Compute rolling cold-delivery rates with windows
Company: DoorDash
Role: Data Scientist
Category: Data Manipulation (SQL/Python)
Difficulty: Medium
Interview Round: Onsite
Assume a food-delivery platform with the following schema. Use PostgreSQL. A delivery is considered "cold" if food_temp_c < 40 at dropoff OR there is a complaint of type 'cold_food' filed within 2 hours after dropoff. Exclude orders with NULL dropoff_ts. Assume today = 2025-09-01 (so "last 7 days" means 2025-08-26 to 2025-09-01 inclusive). Schema and tiny samples:
orders(order_id INT, customer_id INT, restaurant_id INT, order_ts TIMESTAMP)

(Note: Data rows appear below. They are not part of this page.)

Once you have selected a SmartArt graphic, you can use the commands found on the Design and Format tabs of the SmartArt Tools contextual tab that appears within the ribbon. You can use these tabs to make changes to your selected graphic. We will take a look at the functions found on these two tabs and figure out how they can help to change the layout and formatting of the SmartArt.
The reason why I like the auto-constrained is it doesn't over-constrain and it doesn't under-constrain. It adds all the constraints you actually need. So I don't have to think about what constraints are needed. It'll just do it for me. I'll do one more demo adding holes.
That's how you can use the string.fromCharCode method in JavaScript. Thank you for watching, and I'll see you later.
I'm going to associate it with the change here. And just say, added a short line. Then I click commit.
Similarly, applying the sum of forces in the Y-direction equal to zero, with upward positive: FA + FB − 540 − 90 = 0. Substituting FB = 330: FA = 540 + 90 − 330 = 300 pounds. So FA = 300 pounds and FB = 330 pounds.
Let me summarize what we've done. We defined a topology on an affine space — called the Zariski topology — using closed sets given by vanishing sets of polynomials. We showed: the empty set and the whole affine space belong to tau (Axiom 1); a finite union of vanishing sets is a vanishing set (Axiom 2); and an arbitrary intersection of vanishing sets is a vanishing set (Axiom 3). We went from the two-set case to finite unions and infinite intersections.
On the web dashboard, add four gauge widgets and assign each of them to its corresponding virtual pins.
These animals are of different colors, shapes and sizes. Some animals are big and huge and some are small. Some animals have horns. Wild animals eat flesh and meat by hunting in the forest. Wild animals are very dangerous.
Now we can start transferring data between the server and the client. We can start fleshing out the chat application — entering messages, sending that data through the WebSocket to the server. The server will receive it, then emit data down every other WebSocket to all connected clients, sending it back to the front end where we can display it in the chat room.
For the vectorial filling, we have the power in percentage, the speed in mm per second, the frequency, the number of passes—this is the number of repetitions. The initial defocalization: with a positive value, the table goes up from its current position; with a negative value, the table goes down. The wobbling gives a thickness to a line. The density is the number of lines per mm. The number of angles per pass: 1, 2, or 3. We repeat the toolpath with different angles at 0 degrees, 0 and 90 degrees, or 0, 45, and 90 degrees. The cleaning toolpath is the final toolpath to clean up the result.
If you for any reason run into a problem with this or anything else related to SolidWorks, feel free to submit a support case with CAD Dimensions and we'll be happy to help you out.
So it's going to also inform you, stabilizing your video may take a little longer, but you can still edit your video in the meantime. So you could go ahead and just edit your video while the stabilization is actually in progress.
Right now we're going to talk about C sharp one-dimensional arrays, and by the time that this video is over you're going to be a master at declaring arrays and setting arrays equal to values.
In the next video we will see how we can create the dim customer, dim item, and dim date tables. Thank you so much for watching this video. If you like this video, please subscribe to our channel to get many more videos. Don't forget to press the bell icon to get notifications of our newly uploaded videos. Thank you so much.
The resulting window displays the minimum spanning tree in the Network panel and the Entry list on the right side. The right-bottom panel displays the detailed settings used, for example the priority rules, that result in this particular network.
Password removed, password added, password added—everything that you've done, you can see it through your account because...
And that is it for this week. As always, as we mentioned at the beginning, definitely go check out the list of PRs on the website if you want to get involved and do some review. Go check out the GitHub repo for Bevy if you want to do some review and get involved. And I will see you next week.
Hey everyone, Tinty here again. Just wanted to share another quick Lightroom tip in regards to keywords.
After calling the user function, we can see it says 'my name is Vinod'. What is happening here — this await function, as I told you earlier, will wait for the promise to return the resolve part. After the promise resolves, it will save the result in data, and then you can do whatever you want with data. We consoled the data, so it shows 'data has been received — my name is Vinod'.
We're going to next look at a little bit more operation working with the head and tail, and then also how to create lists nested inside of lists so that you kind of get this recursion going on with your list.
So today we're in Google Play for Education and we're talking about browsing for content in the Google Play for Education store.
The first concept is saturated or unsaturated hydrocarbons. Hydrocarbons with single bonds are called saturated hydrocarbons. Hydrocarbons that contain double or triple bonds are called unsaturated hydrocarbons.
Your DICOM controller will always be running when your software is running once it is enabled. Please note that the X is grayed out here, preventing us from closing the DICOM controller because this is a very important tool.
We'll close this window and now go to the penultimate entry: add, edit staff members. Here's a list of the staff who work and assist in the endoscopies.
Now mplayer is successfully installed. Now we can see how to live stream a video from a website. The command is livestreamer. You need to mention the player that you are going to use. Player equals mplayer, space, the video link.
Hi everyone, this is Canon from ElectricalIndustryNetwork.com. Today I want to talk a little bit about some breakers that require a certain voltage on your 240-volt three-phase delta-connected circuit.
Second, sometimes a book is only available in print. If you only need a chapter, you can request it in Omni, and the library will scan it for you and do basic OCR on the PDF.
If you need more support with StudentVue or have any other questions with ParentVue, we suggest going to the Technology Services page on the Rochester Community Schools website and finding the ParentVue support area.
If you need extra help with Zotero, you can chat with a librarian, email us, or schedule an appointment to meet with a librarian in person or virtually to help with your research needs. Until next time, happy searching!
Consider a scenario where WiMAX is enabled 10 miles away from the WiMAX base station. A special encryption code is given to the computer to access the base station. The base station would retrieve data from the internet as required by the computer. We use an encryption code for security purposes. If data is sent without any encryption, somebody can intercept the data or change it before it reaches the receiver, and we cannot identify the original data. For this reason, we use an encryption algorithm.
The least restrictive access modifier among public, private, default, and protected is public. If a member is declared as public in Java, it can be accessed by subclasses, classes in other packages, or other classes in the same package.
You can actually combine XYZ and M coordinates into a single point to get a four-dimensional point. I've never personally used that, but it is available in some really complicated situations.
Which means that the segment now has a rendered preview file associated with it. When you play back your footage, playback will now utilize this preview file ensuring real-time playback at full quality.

+----------+-------------+---------------+---------------------+
| order_id | customer_id | restaurant_id | order_ts |
+----------+-------------+---------------+---------------------+
| 101 | 1 | 10 | 2025-08-26 11:58:00 |
| 102 | 2 | 11 | 2025-08-27 12:10:00 |
| 103 | 3 | 10 | 2025-08-28 18:40:00 |
| 104 | 1 | 12 | 2025-08-31 20:05:00 |
| 105 | 4 | 11 | 2025-09-01 21:15:00 |
+----------+-------------+---------------+---------------------+
deliveries(order_id INT, courier_id INT, pickup_ts TIMESTAMP, dropoff_ts TIMESTAMP, food_temp_c INT, outside_temp_c INT)
+----------+------------+---------------------+---------------------+-------------+----------------+
| order_id | courier_id | pickup_ts | dropoff_ts | food_temp_c | outside_temp_c |
+----------+------------+---------------------+---------------------+-------------+----------------+
| 101 | 201 | 2025-08-26 12:10:00 | 2025-08-26 12:35:00 | 38 | 31 |
| 102 | 202 | 2025-08-27 12:22:00 | 2025-08-27 12:45:00 | 52 | 29 |
| 103 | 201 | 2025-08-28 18:55:00 | 2025-08-28 19:40:00 | 39 | 22 |
| 104 | 203 | 2025-08-31 20:20:00 | 2025-08-31 20:45:00 | 44 | 28 |
| 105 | 202 | 2025-09-01 21:25:00 | 2025-09-01 22:30:00 | 35 | 24 |
+----------+------------+---------------------+---------------------+-------------+----------------+
complaints(order_id INT, created_ts TIMESTAMP, type TEXT, source TEXT)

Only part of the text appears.